* **What you will do**
From the listing below, retype exactly the line holding "LuLaRoe Burgundy/Wine Amelia Dress", the line holding "Jordan 4 Retro", and the lines between them; skip everything else.

* **Task material**
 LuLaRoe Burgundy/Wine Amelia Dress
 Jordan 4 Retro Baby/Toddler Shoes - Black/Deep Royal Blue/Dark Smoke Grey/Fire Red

---

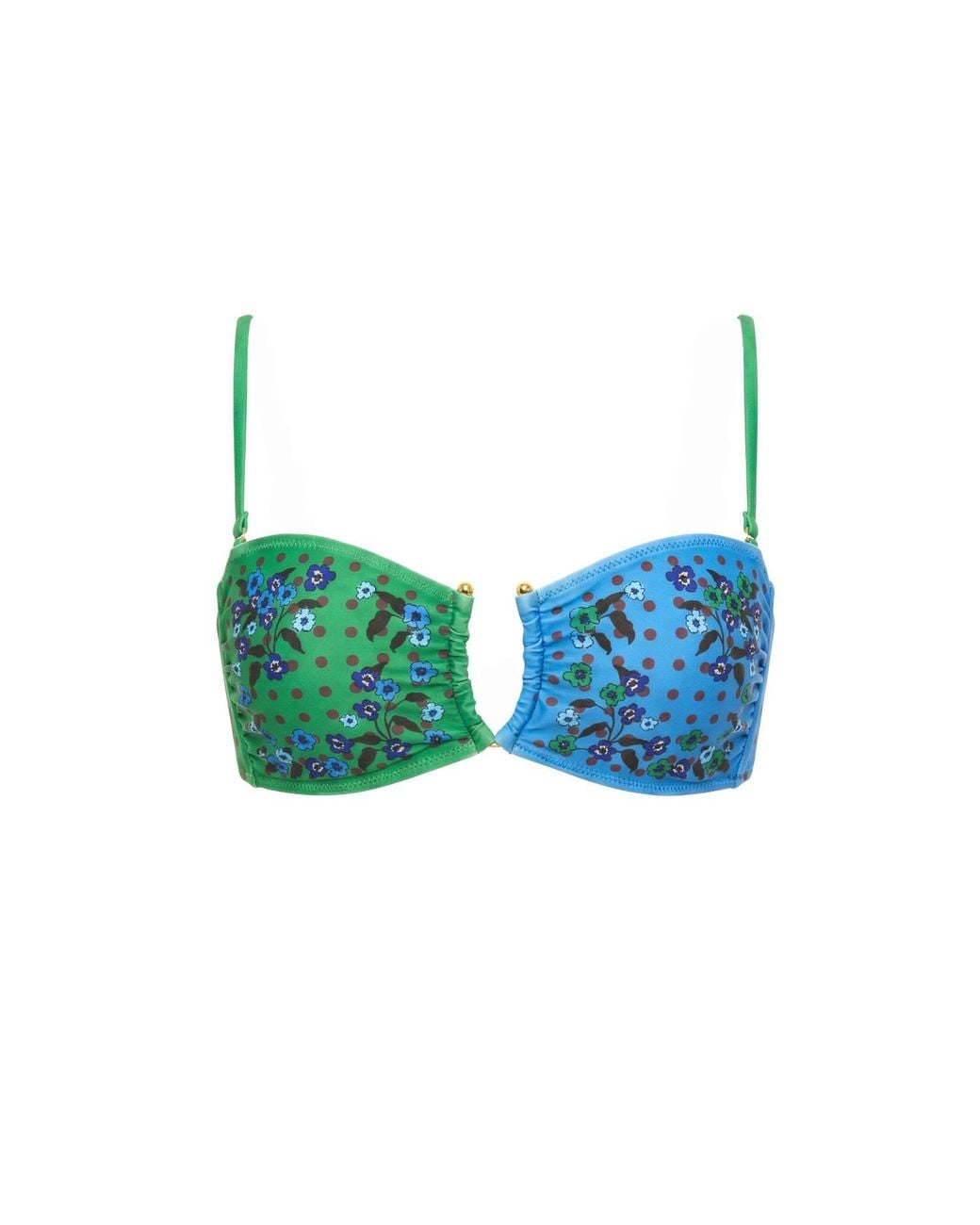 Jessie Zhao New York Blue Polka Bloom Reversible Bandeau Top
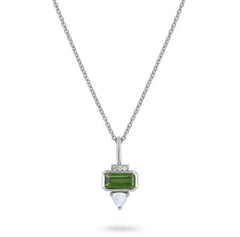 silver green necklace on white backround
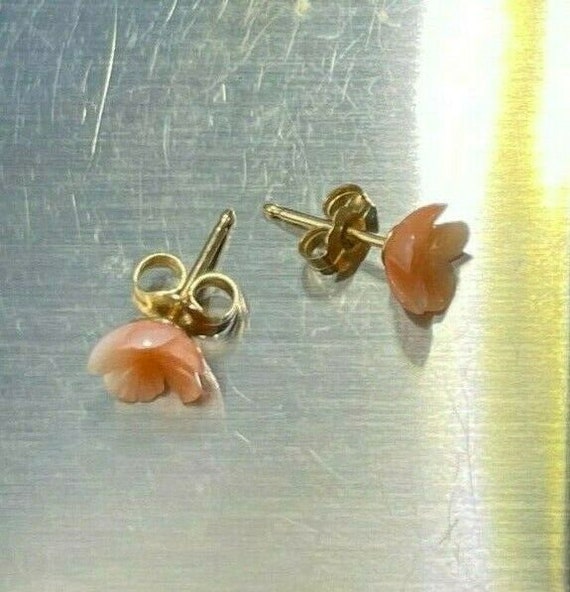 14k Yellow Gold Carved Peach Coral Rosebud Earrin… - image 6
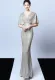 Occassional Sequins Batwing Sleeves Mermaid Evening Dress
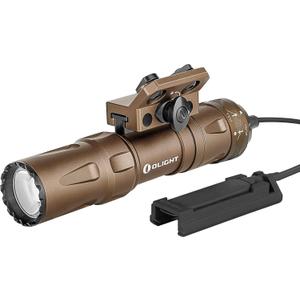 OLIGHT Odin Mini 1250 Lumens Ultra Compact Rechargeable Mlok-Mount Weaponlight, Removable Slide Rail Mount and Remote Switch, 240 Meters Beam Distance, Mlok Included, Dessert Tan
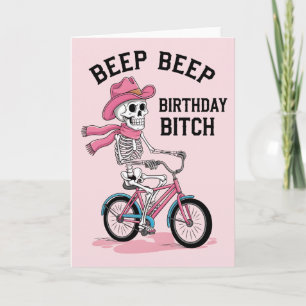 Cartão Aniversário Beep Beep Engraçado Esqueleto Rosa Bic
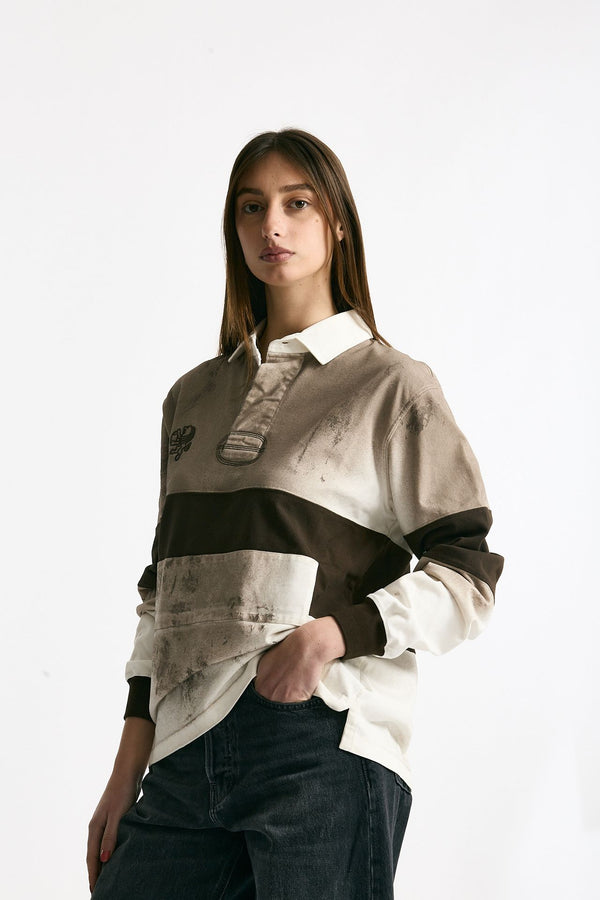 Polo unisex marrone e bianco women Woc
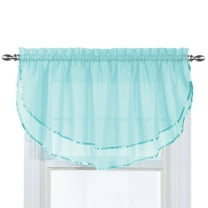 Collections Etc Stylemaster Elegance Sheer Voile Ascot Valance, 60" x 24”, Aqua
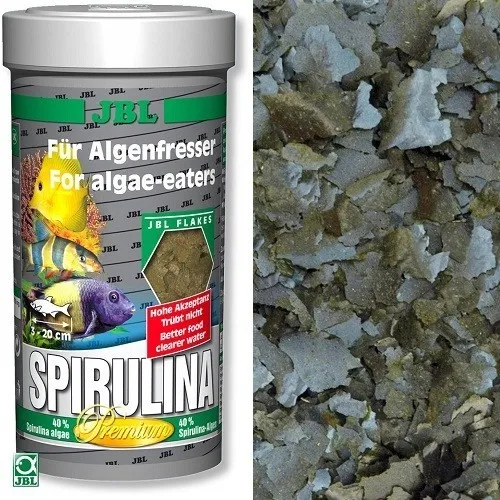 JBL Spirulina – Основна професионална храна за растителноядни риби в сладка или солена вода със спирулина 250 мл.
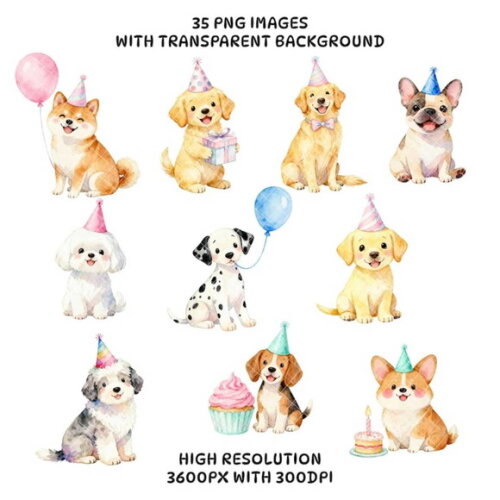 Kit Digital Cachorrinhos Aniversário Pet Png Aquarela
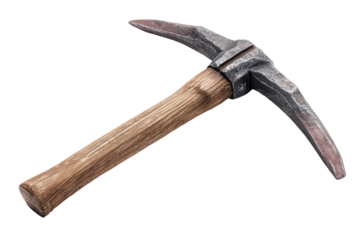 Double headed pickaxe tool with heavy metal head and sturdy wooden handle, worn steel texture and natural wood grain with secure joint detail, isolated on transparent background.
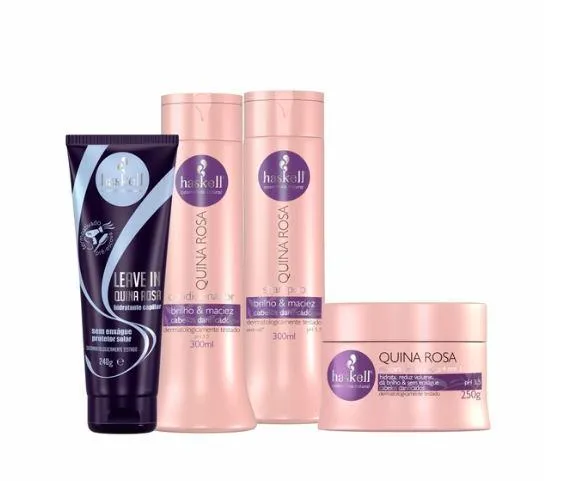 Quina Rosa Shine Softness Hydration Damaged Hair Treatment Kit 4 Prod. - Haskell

==

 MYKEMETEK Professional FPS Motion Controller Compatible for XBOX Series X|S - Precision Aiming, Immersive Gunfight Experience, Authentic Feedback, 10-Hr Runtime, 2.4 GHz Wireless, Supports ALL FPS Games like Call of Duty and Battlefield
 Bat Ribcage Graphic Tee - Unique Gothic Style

* **Written reply**
 LuLaRoe Burgundy/Wine Amelia Dress
 Jordan 4 Retro Baby/Toddler Shoes - Black/Deep Royal Blue/Dark Smoke Grey/Fire Red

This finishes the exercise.